== Exercise ==
Repeat the data that follows exactly, starting at the line with "Bicykel Trek Madone" and ending at the line with "Adidas shoes Ozweego - White 6", and leave out every picture.

== Information supplied ==
===
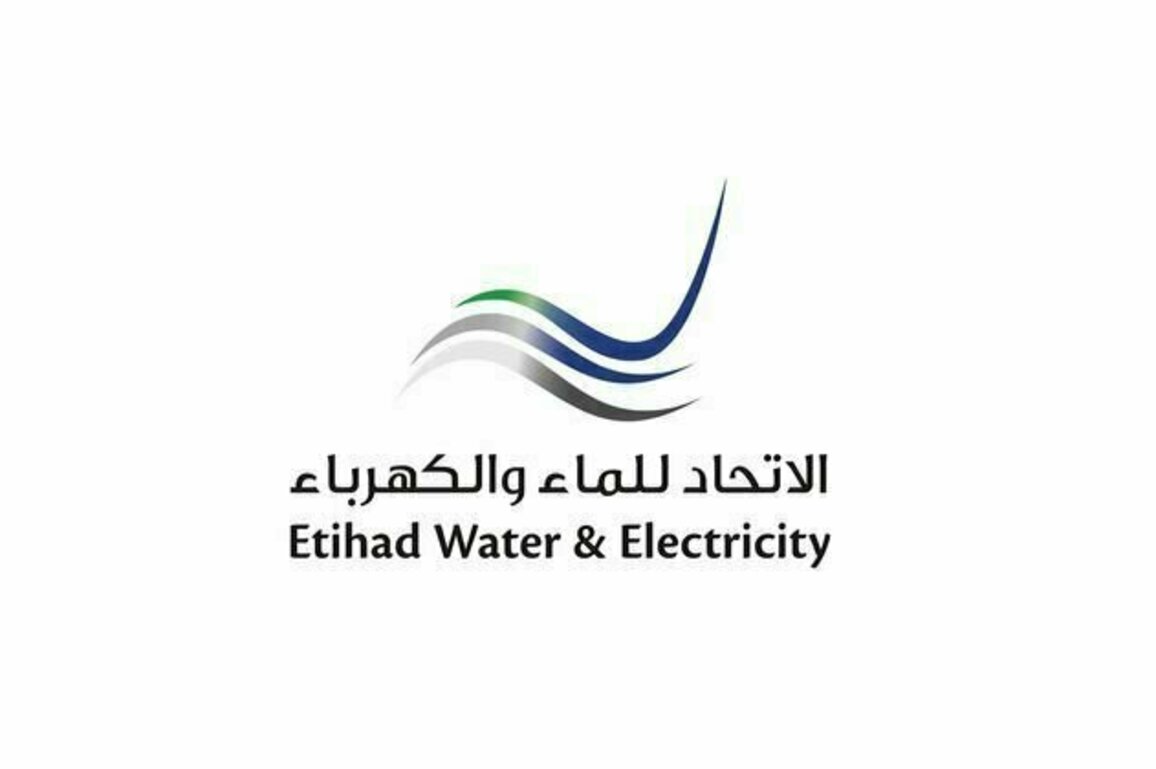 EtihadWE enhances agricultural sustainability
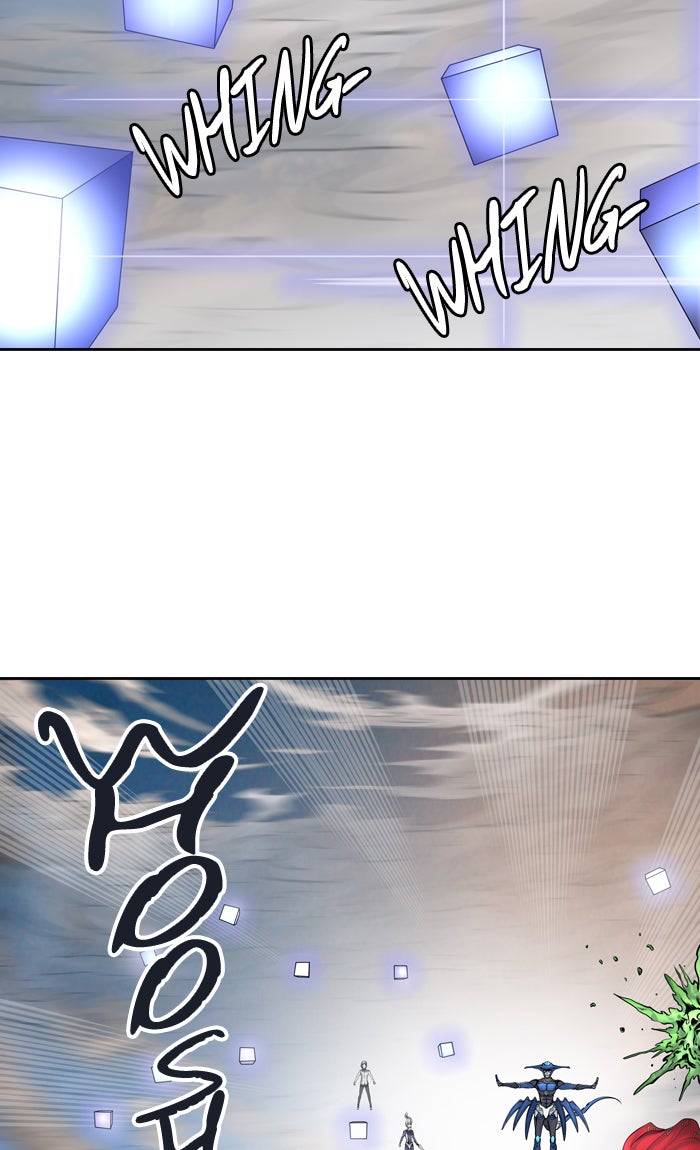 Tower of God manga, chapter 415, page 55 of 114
===
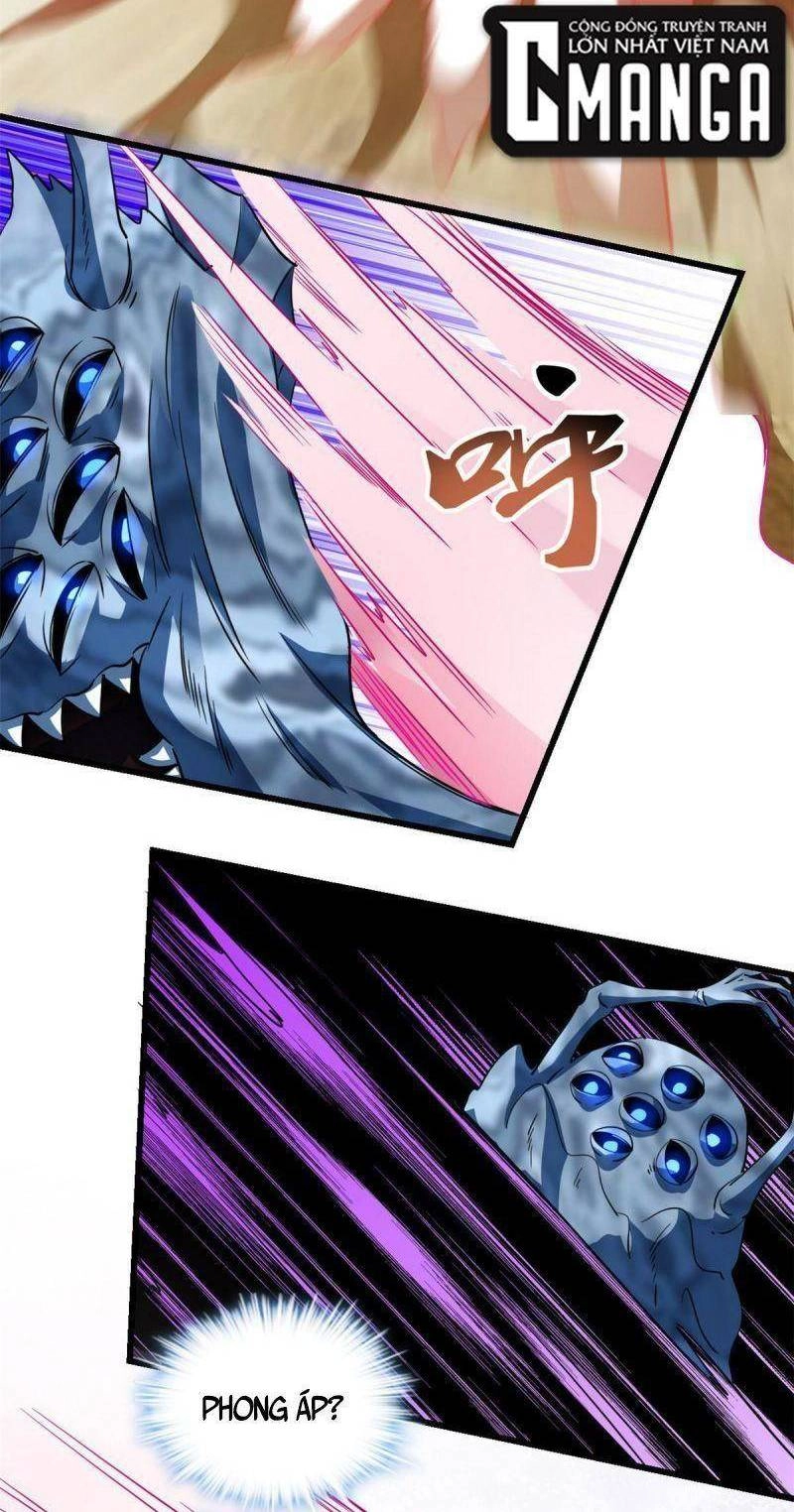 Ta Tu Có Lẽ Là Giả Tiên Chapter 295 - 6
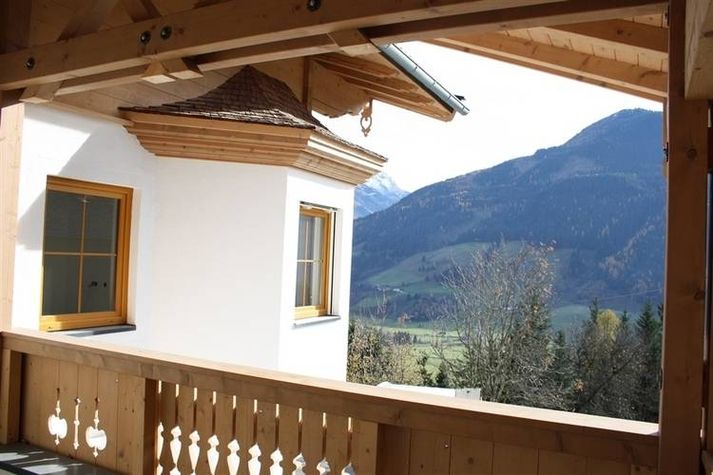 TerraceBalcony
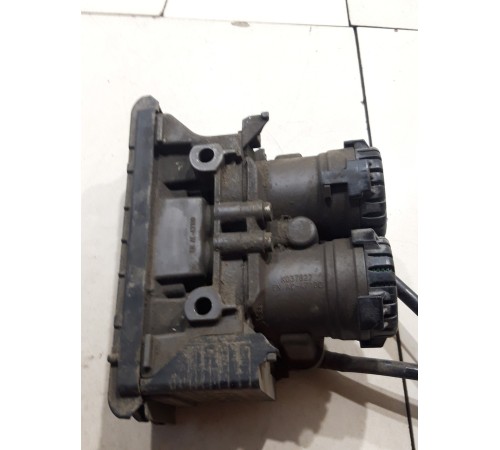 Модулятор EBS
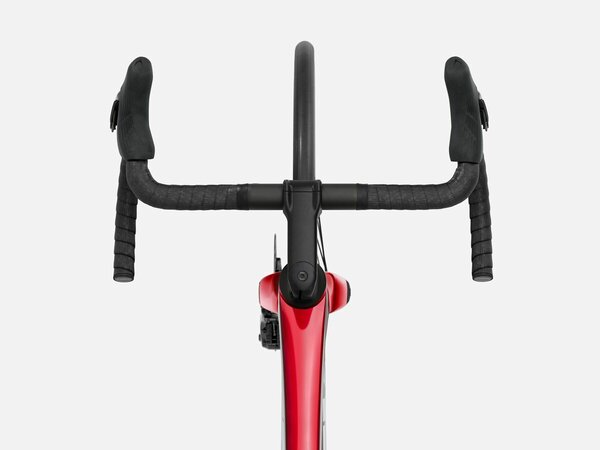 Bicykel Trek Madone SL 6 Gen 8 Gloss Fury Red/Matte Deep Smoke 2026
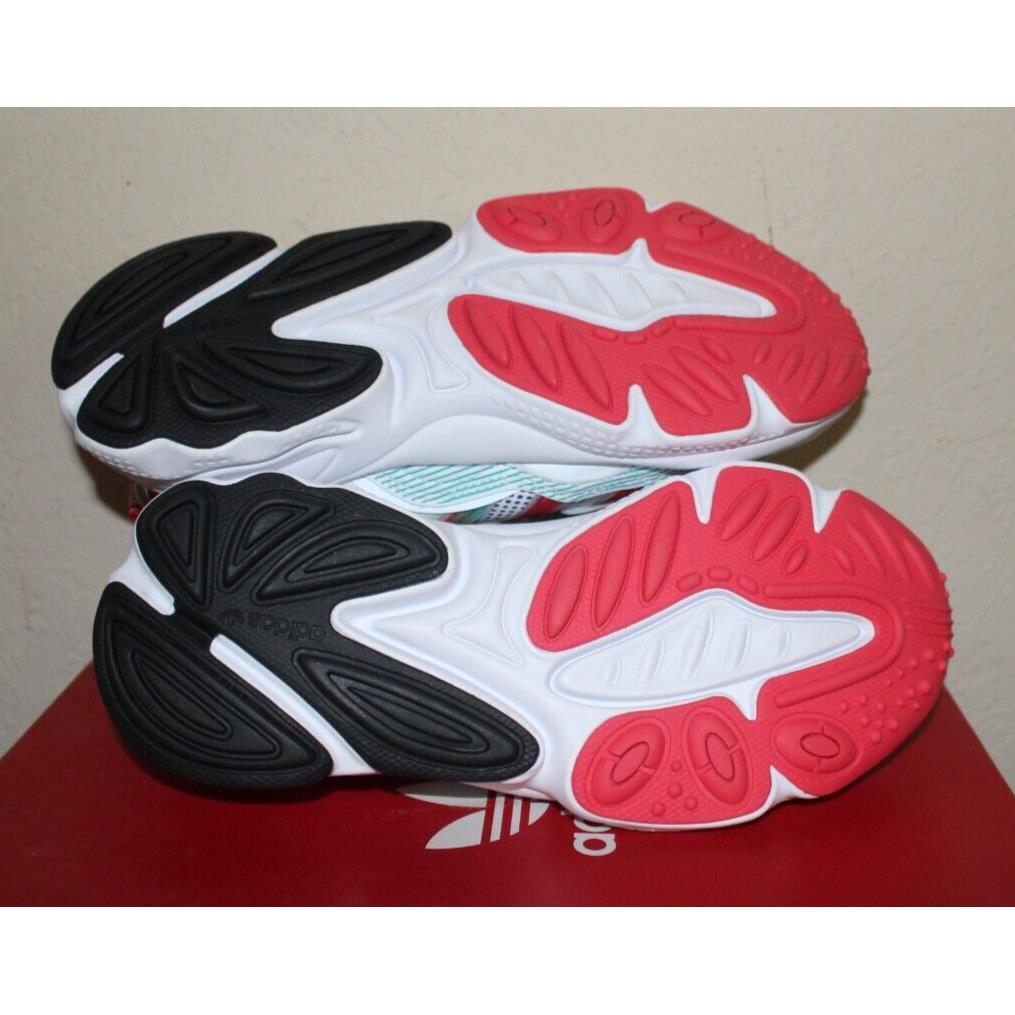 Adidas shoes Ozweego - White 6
===
== Solution to the exercise ==
 Bicykel Trek Madone SL 6 Gen 8 Gloss Fury Red/Matte Deep Smoke 2026
 Adidas shoes Ozweego - White 6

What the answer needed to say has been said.